(How to complete this task)
Where does the word "Painting" appear in the entries below? Copy each line that holds it.

(Data to process)

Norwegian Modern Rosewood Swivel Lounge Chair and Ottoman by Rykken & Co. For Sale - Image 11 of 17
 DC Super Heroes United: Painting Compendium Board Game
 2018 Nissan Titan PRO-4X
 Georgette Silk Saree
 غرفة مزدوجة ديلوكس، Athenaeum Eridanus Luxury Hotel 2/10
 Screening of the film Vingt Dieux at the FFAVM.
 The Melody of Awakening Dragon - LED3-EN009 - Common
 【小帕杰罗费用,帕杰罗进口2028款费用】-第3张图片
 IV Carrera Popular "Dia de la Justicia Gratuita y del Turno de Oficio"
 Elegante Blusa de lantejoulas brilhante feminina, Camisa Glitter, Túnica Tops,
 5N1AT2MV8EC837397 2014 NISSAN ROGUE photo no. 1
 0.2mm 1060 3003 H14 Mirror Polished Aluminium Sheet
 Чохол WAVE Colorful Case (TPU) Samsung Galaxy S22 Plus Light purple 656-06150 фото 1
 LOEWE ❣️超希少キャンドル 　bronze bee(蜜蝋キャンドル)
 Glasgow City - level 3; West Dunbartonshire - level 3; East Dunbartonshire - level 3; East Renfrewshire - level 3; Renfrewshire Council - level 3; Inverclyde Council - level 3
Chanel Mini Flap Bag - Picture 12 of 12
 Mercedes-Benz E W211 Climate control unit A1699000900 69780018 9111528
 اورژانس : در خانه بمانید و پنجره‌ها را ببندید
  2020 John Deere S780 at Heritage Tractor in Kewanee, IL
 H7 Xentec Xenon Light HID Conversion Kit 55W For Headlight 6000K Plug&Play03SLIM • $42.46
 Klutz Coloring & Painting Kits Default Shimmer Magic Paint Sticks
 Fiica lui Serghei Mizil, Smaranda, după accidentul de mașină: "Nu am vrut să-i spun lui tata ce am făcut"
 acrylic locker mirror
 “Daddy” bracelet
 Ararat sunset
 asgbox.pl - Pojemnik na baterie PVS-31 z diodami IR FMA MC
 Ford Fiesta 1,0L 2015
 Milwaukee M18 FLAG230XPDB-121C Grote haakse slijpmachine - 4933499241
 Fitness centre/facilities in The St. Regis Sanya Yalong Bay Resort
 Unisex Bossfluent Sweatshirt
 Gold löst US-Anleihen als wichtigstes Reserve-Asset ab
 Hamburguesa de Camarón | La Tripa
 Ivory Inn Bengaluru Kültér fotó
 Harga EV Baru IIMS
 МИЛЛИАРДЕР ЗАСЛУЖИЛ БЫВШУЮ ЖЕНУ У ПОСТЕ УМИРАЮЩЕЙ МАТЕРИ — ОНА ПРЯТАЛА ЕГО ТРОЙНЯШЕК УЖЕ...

(Reply)
 DC Super Heroes United: Painting Compendium Board Game
 Klutz Coloring & Painting Kits Default Shimmer Magic Paint Sticks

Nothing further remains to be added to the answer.